AIM OF THE TASK:
Could you restate word for word only the lines below from the one holding "unfurnished living room" to the one holding "An elegant woman", inclusive, and leave out the pictures?

THE INPUT:
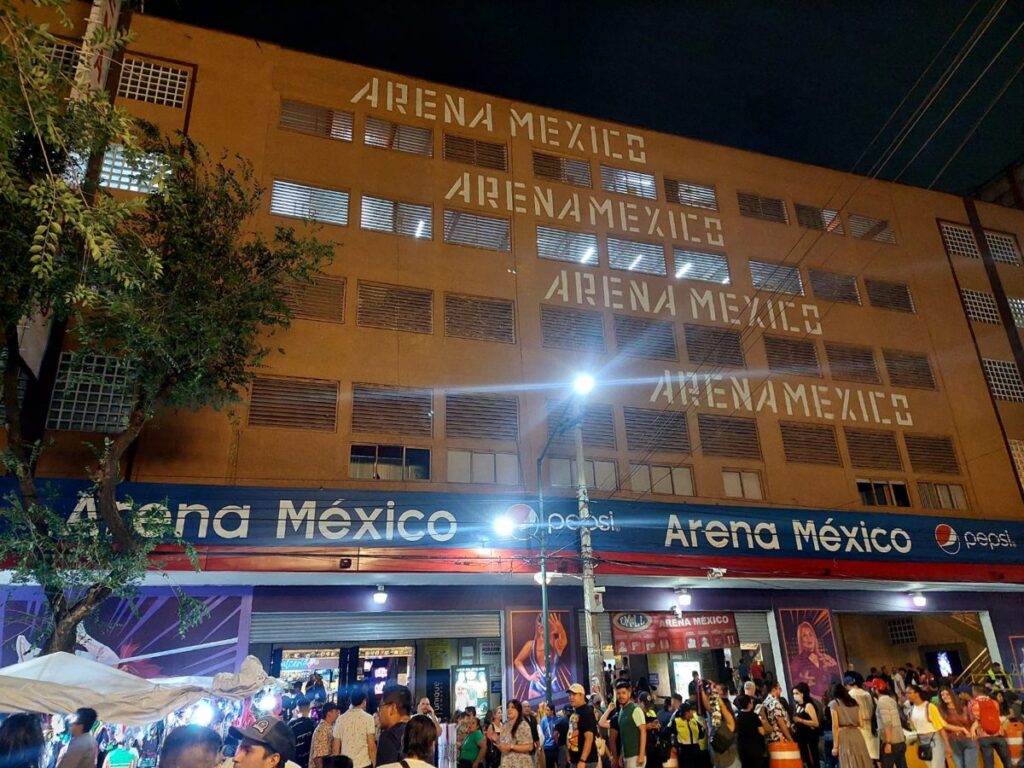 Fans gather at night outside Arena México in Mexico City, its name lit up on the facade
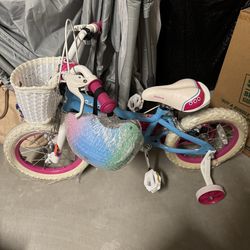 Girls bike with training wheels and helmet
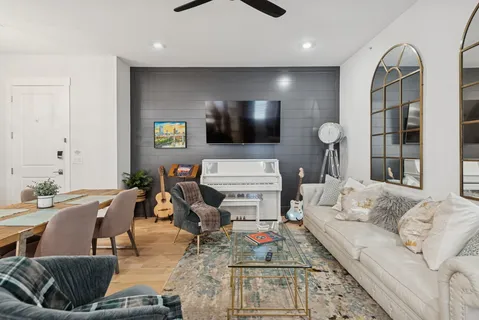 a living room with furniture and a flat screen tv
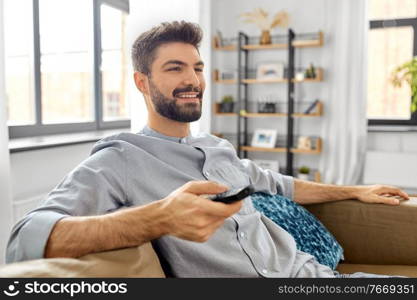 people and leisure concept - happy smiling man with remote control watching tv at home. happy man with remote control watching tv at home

---

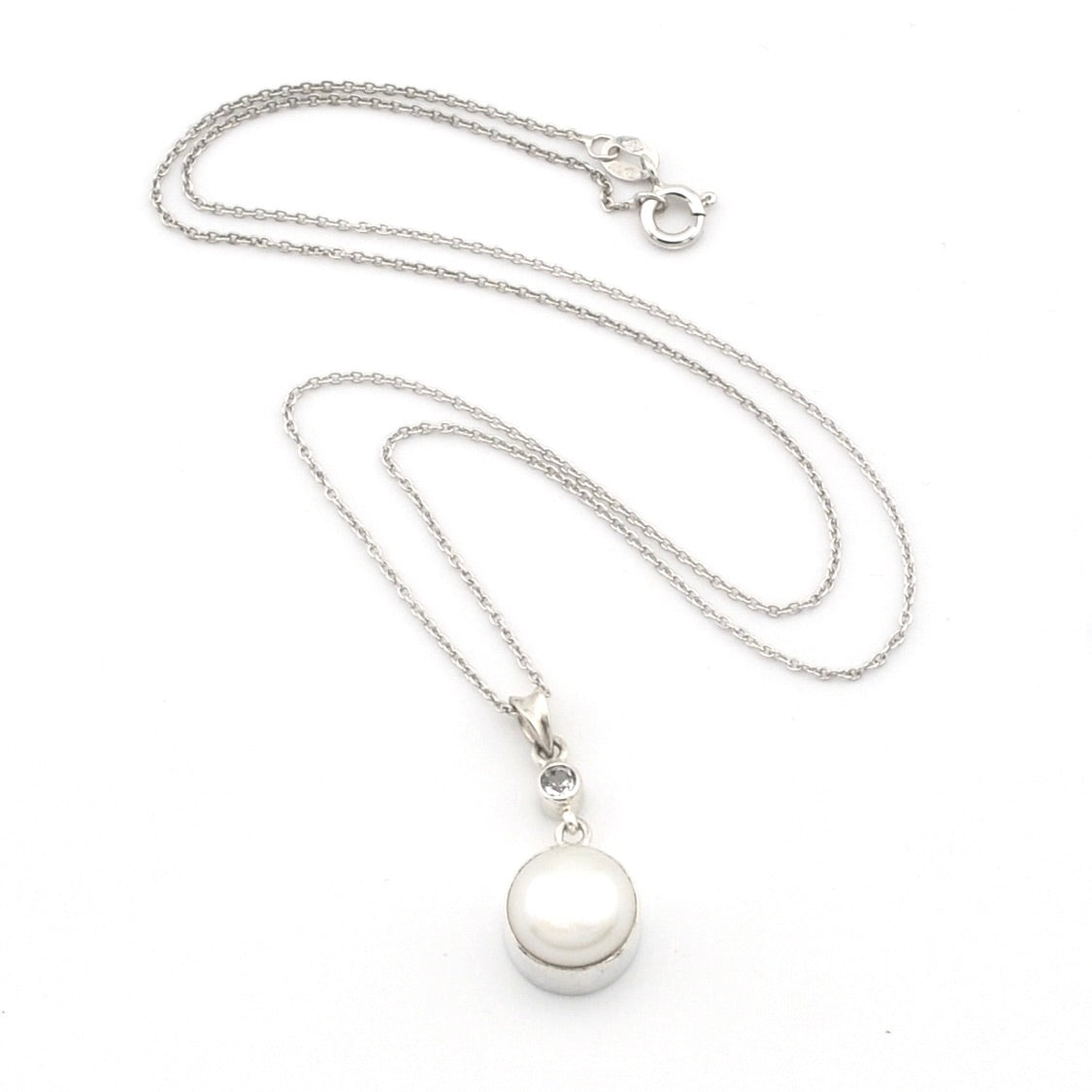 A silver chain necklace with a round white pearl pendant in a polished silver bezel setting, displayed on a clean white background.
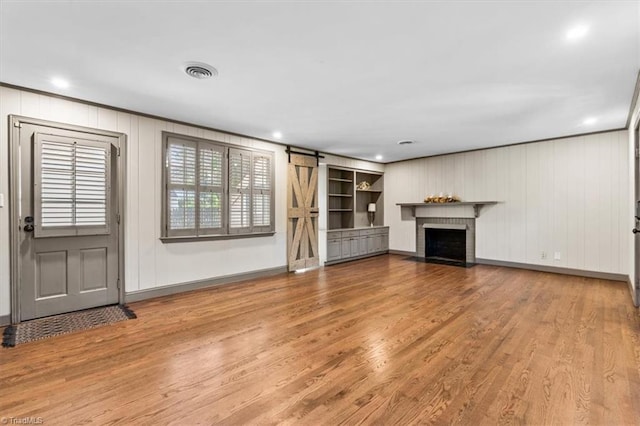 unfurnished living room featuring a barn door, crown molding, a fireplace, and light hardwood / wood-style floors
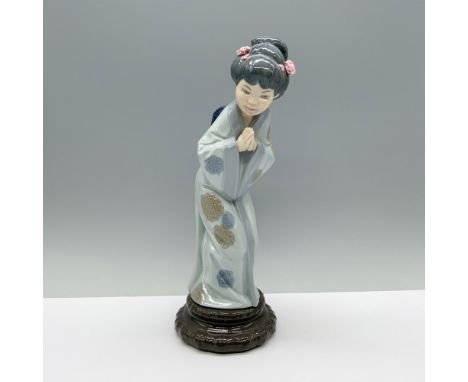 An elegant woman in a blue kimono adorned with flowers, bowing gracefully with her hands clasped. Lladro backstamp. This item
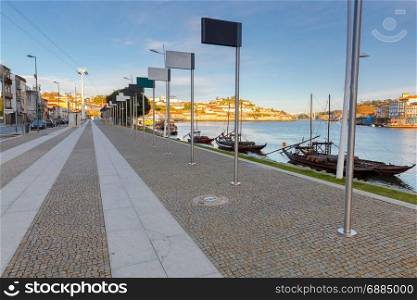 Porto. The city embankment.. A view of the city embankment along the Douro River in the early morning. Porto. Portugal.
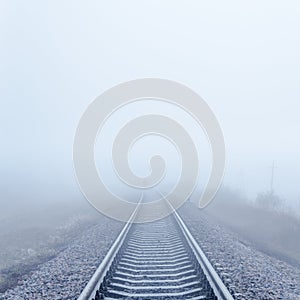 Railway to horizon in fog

TASK ANSWER:
 unfurnished living room featuring a barn door, crown molding, a fireplace, and light hardwood / wood-style floors
 An elegant woman in a blue kimono adorned with flowers, bowing gracefully with her hands clasped. Lladro backstamp. This item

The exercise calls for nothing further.